Building our first Optimizer
1st October 2022
Building a SQL query engine is no trivial task, we started building Opteryx about 10 months ago on a complete rewrite of our first query engine. It's only recently we've started to focus on improving performance, initially the performance of the new engine was such a massive improvement over the old, almost purely due to architectural differences, there is a lot of room for improvement.
We since users started using the engine about five months ago we've been able to implement some point improvements.
- Selection before Aggregation, this isn't implemented by an Optimizer, instead it was part of the Aggregator Operator.
- We've also implemented page merging into the Selection Operator to make the most of SIMD and parallel execution.
This week saw the first iteration of plan-based optimization, where the Optimizer receives a query plan and uses rules to rewrite it to run faster.

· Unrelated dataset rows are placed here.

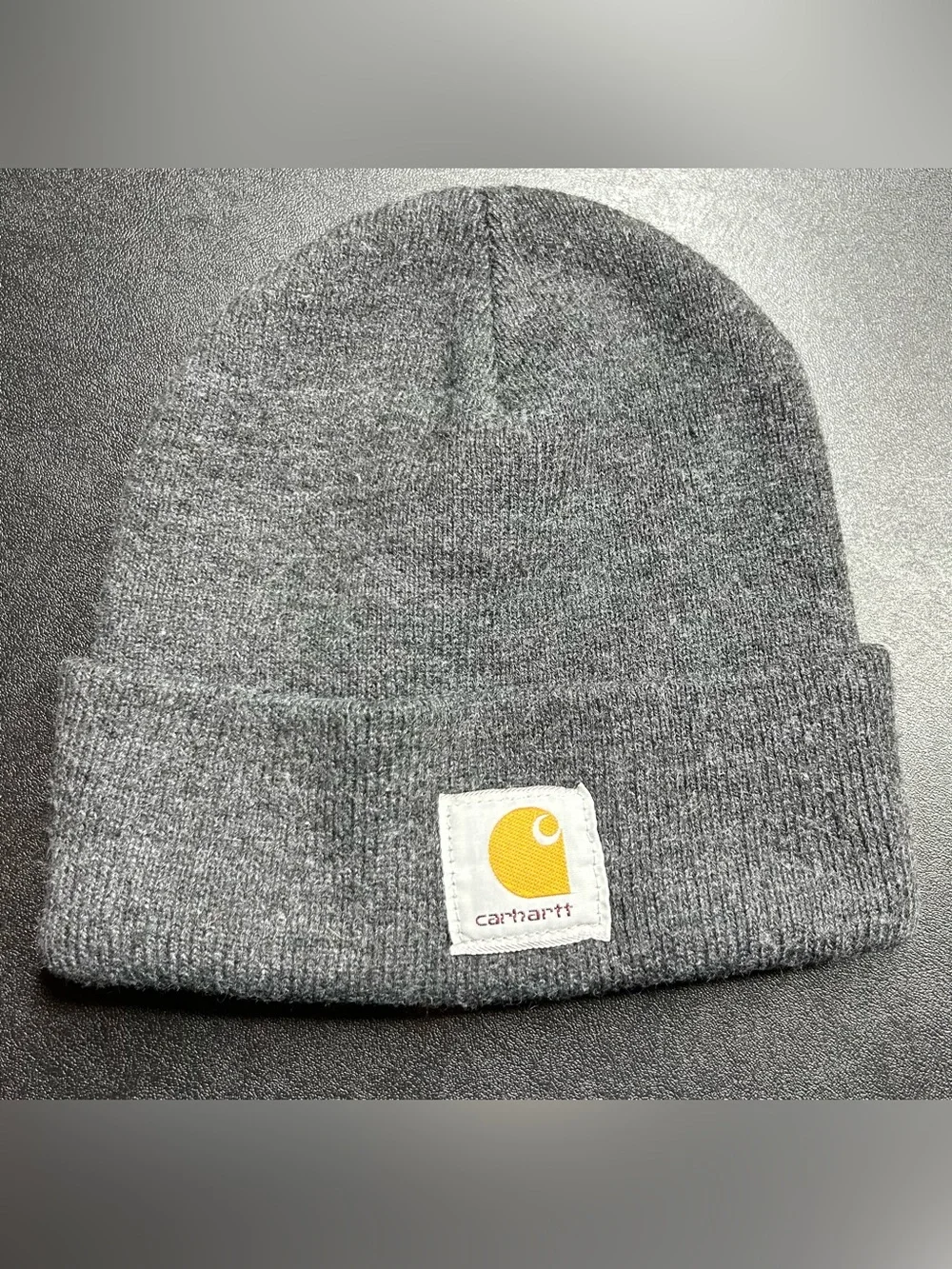 Carhartt Vintage Hat Knit Cuffed Made in USA!  A18-Grey One Size Beanie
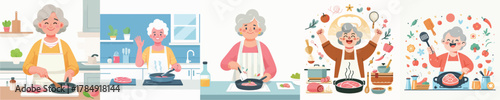 vector grandmother fried meat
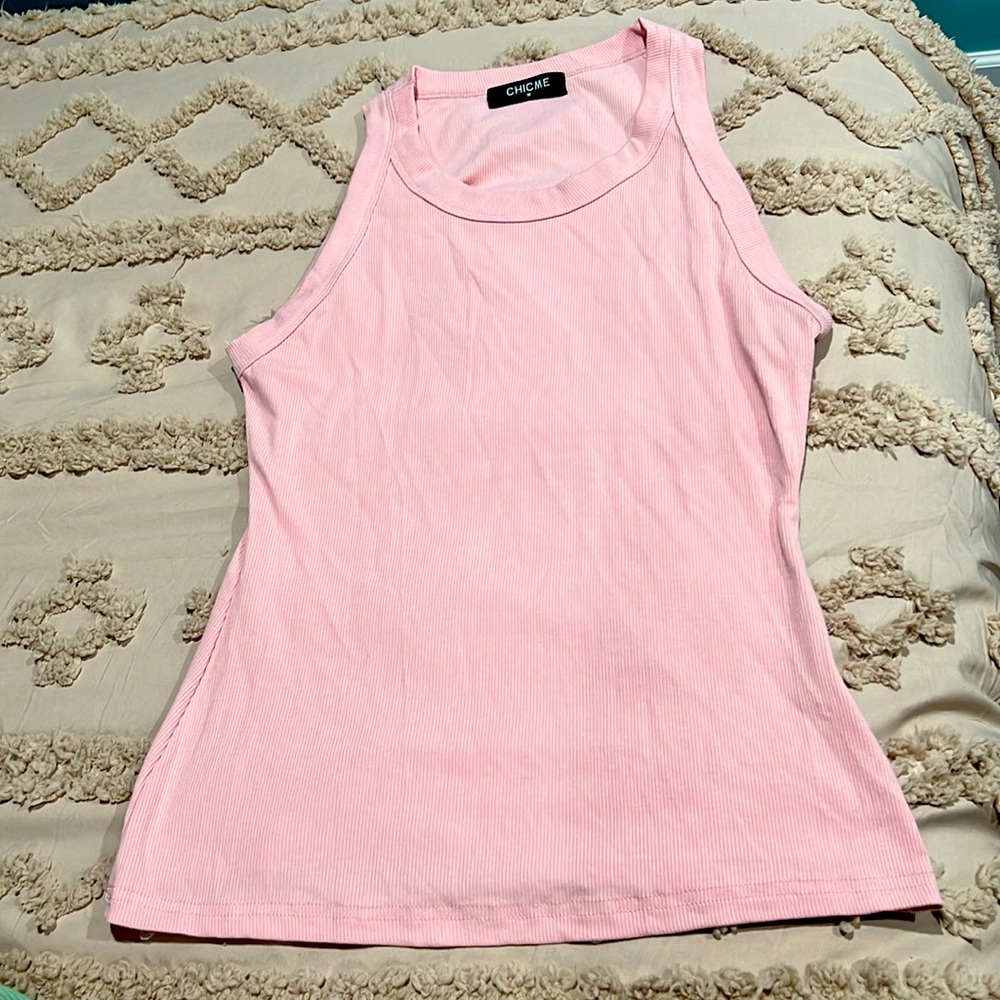 Pink soft ribbed tank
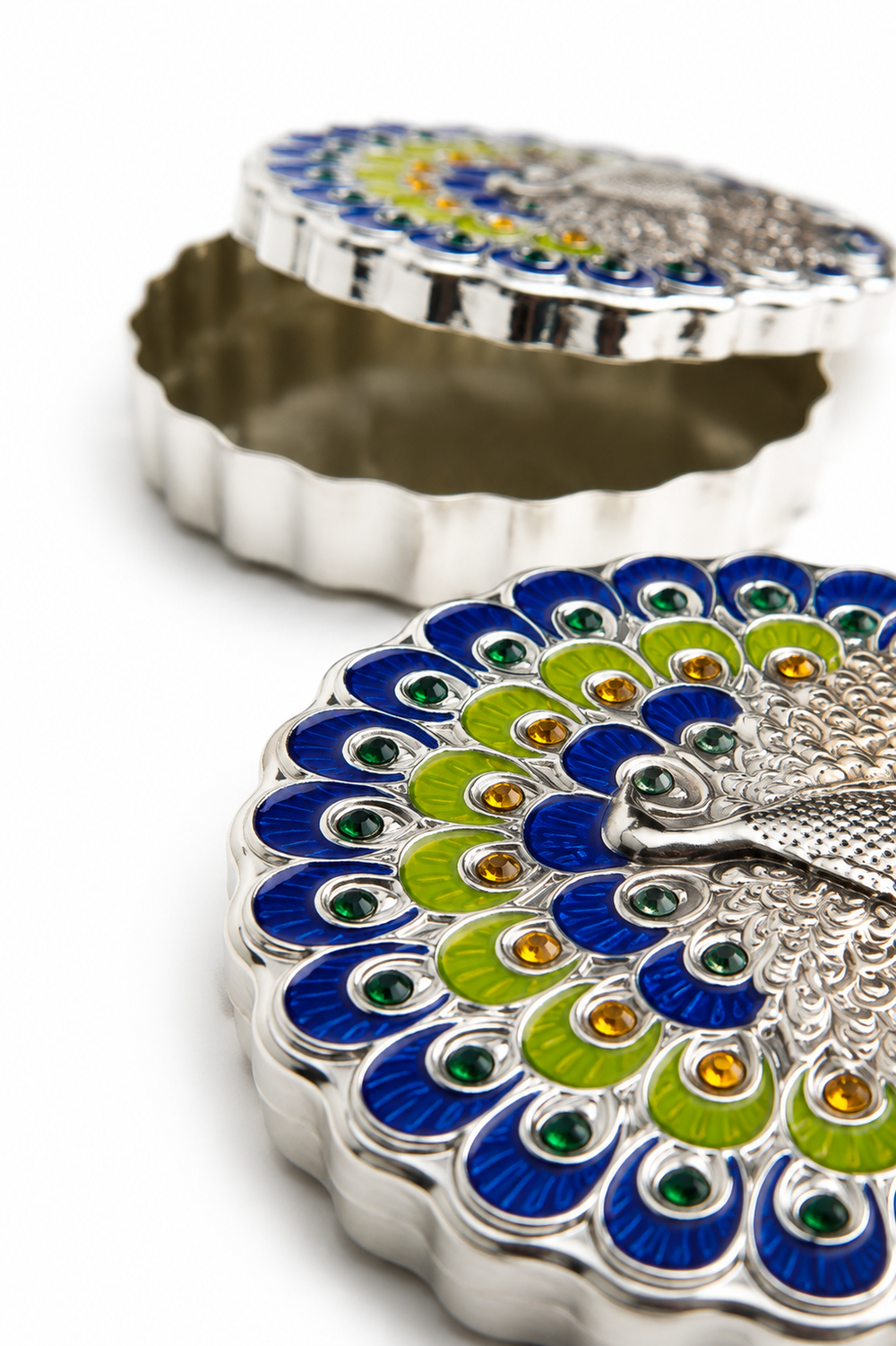 Regal Peacock Jewel Compact Box, Set of 2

All complex systems are built on something simple. Our first iteration of the Optimizer is simple. It currently does one action - it takes AND
conjunctions in the WHERE
and HAVING
clauses and splits them into individual Selection Operators to run in serial.
The effect of doing this, with no intelligence to the order or other factors, has been observed to be up to a 85% reduction in the execution time of the Selection step of real-world queries - i.e. ones we see being written and run by users.
The query time is still dominated by the read time in most situations, but saving 6 seconds on a 42 second query is still meaningful.
The Optimizer is heuristic, that is, it has some simple rules when it applies. It is not cost-based as we've not built a statistics model and store to compliment the Optimizer yet. This is the expected evolution of the planner, but for now we will focus on extending the rule-based planner with more rules.
We look forward to being able to update you on other major updates and improvements to Opteryx.